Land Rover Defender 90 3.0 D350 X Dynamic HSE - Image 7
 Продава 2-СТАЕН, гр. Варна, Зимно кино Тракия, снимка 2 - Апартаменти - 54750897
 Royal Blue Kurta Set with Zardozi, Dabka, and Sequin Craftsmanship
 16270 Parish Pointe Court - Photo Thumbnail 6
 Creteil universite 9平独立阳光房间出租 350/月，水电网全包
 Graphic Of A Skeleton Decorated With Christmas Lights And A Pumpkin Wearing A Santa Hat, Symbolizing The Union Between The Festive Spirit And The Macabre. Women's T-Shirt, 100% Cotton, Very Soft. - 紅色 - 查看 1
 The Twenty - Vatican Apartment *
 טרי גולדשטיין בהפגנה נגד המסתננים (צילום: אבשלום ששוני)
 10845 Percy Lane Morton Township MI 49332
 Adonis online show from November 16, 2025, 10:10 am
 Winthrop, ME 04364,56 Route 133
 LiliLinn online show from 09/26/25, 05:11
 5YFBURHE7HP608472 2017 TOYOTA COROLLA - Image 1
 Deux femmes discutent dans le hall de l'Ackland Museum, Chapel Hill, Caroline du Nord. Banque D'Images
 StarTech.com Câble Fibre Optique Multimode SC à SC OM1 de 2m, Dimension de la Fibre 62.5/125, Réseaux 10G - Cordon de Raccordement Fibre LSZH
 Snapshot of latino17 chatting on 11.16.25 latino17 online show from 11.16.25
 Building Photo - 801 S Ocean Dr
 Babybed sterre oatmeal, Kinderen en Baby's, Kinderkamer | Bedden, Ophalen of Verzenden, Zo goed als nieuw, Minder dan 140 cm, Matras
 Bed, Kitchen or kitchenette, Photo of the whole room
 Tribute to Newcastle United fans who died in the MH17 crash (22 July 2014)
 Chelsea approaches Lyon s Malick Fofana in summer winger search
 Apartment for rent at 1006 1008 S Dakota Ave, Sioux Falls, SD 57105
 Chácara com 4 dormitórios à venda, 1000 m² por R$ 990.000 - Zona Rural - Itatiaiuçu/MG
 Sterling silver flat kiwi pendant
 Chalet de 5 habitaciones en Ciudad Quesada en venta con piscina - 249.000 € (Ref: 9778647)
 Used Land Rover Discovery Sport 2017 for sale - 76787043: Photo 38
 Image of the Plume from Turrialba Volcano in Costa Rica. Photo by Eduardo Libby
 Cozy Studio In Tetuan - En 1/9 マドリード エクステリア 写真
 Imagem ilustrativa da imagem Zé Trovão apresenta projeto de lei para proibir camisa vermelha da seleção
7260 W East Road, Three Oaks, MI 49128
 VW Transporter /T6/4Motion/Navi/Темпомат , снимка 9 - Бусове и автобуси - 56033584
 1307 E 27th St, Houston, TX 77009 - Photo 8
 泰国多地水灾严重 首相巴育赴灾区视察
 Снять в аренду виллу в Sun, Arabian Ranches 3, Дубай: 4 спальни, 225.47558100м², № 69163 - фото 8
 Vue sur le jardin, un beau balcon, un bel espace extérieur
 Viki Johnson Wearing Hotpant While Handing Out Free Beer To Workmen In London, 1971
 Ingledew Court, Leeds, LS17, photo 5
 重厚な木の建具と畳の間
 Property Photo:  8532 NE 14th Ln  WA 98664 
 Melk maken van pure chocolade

- _Instructions to follow_
From the records above, pick out and copy each line holding the word "online".

- _Exercise output_
 Adonis online show from November 16, 2025, 10:10 am
 LiliLinn online show from 09/26/25, 05:11
 Snapshot of latino17 chatting on 11.16.25 latino17 online show from 11.16.25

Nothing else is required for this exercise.